Assignment: In the listing below, locate the line that contains "INSTITUTE DAY 2021" and the line that contains "T'Bu Twiz BTS". Restate word for word those two lines and every line between them, and nothing else.

**** Dataset records ****

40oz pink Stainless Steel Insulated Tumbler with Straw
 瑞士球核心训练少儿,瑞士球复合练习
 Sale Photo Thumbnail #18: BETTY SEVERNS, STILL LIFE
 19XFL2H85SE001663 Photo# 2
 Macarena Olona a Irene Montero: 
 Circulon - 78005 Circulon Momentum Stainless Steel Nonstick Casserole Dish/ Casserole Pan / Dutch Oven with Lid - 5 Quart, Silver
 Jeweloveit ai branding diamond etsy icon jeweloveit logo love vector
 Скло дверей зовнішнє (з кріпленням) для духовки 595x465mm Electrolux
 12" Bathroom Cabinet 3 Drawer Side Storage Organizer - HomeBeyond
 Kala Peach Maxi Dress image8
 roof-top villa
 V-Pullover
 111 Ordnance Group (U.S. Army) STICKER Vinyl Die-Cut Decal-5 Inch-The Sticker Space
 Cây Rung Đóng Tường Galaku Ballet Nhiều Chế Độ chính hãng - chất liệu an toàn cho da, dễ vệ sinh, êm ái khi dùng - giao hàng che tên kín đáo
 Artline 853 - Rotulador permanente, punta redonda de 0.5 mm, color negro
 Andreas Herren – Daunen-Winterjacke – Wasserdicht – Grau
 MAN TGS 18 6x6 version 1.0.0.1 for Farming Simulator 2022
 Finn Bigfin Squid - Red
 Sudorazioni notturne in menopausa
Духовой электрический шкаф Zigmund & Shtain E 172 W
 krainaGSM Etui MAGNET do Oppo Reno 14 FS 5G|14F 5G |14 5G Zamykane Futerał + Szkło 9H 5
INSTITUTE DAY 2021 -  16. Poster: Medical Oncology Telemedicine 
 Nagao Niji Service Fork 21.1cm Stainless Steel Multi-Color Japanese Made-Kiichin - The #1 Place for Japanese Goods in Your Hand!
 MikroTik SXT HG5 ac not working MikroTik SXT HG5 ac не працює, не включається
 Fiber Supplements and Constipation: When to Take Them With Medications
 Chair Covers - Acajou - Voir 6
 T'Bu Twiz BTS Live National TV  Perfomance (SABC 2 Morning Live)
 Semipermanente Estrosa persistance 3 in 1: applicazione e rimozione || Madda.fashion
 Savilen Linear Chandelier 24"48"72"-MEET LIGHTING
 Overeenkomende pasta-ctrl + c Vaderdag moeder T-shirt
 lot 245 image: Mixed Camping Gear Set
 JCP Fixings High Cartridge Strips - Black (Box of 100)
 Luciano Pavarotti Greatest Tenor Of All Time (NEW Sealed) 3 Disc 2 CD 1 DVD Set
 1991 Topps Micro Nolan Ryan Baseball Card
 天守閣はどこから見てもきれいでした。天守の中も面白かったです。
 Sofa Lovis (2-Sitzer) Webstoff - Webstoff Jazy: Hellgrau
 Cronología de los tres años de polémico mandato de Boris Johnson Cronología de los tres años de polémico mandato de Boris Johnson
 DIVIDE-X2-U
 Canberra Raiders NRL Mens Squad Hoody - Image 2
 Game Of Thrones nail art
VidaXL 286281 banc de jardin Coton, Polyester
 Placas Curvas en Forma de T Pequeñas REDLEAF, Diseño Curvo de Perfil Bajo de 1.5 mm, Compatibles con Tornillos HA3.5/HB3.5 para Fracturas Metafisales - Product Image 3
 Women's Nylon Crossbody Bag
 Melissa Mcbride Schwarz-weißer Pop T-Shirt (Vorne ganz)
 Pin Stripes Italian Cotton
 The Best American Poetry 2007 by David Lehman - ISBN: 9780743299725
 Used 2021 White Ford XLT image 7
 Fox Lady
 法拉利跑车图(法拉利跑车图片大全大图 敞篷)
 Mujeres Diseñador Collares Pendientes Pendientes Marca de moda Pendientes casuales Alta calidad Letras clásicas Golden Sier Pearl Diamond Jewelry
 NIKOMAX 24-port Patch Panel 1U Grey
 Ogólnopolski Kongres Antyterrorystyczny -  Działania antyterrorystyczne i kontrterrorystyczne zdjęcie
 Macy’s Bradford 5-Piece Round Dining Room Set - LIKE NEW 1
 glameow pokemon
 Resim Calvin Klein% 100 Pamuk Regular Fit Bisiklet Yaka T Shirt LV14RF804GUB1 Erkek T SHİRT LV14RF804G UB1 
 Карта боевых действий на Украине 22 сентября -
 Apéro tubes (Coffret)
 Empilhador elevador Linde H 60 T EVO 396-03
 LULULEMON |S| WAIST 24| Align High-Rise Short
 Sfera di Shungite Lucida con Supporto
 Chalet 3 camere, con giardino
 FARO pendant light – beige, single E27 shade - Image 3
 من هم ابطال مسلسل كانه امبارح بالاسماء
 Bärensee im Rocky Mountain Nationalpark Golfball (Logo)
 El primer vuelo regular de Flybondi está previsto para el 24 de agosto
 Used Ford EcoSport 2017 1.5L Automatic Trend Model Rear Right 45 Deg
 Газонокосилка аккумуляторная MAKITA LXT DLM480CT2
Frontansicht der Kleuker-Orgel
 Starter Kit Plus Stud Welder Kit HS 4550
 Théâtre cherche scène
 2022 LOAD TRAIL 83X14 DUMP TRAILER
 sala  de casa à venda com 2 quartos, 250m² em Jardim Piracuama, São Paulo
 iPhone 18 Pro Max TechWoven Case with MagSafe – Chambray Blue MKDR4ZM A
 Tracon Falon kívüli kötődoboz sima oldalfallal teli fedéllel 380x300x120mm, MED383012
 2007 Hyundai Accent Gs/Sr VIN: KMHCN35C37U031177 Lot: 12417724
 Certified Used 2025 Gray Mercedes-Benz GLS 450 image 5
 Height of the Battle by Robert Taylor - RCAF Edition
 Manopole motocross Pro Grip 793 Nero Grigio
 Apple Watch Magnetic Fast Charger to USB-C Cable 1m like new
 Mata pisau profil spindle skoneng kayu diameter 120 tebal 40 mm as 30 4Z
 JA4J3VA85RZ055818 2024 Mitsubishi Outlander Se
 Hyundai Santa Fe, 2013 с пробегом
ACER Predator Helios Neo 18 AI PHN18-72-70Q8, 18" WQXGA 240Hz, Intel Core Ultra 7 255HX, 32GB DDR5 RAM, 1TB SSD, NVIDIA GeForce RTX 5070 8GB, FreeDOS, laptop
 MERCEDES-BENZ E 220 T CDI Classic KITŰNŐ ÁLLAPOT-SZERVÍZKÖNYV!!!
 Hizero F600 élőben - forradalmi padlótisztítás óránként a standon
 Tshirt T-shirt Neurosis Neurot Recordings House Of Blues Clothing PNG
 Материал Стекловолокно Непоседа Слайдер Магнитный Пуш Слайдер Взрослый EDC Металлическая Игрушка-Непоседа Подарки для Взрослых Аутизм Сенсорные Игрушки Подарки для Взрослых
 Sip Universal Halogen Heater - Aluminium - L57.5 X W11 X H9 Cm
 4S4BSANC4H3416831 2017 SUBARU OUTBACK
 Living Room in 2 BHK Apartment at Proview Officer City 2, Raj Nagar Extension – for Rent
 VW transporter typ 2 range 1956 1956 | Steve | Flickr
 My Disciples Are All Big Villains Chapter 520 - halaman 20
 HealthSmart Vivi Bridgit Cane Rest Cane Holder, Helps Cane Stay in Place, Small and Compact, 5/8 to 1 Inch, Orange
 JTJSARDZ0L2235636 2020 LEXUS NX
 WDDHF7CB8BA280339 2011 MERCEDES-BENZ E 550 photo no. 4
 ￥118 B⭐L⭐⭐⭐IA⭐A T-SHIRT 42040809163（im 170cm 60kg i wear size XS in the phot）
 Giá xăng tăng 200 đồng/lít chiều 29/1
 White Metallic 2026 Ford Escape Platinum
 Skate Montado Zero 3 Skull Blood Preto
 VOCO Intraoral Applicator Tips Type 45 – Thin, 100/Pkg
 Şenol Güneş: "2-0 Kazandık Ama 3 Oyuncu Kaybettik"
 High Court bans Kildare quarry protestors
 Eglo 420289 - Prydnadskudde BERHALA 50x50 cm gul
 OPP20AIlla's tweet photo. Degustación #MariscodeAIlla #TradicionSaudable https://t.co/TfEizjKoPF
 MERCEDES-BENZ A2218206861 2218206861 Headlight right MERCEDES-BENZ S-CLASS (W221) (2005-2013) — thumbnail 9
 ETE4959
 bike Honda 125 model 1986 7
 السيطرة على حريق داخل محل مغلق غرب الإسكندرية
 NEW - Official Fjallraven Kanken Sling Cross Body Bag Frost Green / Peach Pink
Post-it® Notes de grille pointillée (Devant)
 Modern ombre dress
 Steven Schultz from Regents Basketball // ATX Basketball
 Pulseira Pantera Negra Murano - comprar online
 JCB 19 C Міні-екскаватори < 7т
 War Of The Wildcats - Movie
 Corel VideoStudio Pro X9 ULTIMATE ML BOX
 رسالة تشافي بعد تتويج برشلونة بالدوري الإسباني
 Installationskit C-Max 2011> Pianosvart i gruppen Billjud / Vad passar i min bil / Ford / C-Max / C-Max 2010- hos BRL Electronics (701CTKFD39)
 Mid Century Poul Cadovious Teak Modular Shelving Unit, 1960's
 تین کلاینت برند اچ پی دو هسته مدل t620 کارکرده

****

Your solution:
INSTITUTE DAY 2021 -  16. Poster: Medical Oncology Telemedicine 
 Nagao Niji Service Fork 21.1cm Stainless Steel Multi-Color Japanese Made-Kiichin - The #1 Place for Japanese Goods in Your Hand!
 MikroTik SXT HG5 ac not working MikroTik SXT HG5 ac не працює, не включається
 Fiber Supplements and Constipation: When to Take Them With Medications
 Chair Covers - Acajou - Voir 6
 T'Bu Twiz BTS Live National TV  Perfomance (SABC 2 Morning Live)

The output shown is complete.